Mas o fato é que se o PT não pode ser responsabilizado diretamente pelas causas da violência no Brasil ou pelas mortes dos seus prefeitos, não deveria esse partido deixar de fazer uma mea culpa para avaliar o resultado do seu estímulo à violência. Afinal, em junho de 1994, o candidato Lula declarou que não lhe interessava a lei mas o que ele considerava como justo e legítimo. Esse discurso de tribunal de exceção foi repetido por lideranças petistas, inclusive, por seu problemático vice José Paulo Bisol, que afirmou: “Quando o Estado não tem condição de coibir a violência, o povo tem direito a ela”. O problema é que a fração do povo que agora tem direito à violência diante da ausência da lei, é aquela composta por facínoras de toda espécie que estão oprimindo o povo.

Há tempos o PT através da CUT – seu braço sindical – e do MST –seu braço armado no campo – tem desencadeando a violência que é colocada como legitima e se sobrepõe à lei.
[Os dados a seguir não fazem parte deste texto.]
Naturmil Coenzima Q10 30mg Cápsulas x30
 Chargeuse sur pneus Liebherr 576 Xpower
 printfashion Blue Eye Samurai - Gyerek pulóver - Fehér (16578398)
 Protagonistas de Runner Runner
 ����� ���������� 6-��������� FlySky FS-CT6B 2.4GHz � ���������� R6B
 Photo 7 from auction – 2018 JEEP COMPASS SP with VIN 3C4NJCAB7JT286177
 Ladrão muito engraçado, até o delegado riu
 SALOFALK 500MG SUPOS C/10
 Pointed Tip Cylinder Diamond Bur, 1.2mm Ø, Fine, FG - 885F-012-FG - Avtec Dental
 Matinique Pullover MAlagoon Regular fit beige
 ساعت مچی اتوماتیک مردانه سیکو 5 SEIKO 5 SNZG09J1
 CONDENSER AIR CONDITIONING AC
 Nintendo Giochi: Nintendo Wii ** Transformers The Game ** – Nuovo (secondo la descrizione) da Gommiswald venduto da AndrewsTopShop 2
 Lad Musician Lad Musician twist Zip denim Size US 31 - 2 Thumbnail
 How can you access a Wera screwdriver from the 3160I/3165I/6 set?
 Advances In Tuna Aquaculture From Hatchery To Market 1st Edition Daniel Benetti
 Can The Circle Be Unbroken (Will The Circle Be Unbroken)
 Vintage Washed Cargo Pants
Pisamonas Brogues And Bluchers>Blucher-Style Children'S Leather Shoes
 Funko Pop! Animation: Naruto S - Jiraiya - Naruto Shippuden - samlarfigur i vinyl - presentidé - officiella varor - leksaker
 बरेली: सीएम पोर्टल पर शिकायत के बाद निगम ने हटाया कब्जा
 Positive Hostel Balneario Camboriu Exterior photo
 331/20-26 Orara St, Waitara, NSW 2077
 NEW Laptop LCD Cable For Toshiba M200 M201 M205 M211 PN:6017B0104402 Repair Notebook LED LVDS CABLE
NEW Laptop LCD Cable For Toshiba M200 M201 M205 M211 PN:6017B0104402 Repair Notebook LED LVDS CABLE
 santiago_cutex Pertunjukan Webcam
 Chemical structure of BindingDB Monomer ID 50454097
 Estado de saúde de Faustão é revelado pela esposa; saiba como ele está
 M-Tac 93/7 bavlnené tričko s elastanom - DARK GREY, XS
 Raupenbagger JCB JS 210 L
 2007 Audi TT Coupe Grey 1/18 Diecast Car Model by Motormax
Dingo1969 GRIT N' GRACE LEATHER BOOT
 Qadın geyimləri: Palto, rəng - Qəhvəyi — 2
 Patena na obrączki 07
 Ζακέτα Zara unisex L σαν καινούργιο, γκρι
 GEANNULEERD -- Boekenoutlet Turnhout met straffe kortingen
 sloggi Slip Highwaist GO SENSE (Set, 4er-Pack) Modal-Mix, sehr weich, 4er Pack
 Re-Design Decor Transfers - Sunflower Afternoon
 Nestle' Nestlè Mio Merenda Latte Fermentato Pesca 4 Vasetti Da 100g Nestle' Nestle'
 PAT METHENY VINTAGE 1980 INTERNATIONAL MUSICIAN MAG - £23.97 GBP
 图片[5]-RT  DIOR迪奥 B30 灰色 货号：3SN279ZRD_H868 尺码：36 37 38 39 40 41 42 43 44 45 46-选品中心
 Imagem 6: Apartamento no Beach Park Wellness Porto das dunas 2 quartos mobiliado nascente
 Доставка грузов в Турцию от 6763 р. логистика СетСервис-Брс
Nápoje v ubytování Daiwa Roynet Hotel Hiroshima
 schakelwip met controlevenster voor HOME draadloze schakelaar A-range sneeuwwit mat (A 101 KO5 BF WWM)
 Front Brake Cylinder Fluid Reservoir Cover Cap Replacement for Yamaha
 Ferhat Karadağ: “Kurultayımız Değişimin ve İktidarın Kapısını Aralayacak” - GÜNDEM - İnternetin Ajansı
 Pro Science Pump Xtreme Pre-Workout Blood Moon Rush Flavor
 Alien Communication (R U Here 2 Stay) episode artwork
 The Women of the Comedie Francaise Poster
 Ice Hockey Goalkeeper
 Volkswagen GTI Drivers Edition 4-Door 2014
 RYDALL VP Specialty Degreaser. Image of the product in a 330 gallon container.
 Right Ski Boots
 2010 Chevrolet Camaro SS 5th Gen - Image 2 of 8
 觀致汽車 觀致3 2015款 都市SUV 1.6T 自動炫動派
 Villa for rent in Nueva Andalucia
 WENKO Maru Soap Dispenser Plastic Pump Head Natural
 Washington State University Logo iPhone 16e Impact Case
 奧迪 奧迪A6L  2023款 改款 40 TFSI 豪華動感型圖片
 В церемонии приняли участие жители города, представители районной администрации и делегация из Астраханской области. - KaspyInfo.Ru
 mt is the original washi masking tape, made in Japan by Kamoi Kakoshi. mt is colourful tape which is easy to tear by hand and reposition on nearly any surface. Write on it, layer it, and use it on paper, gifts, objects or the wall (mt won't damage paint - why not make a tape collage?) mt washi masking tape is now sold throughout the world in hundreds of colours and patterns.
Tudo recheado com uma ideologia socialista que no mundo inteiro não deu certo.

Agora o PT sente os efeitos de um tipo de terrorismo depois de ter declarado que é contra o terrorismo, mas tê-lo justificado quando os seguidores do fanático Bin Laden atacaram os Estados Unidos.

Portanto, é hora do PT fazer seu ato de contrição e de se perguntar qual é sua parcela de culpa diante da morte dos seus próprios companheiros. Conforme o ditado popular: “quem semeia ventos, colhe tempestades”.

Maria Lucia Victor Barbosa é socióloga, escritora e professora universitária.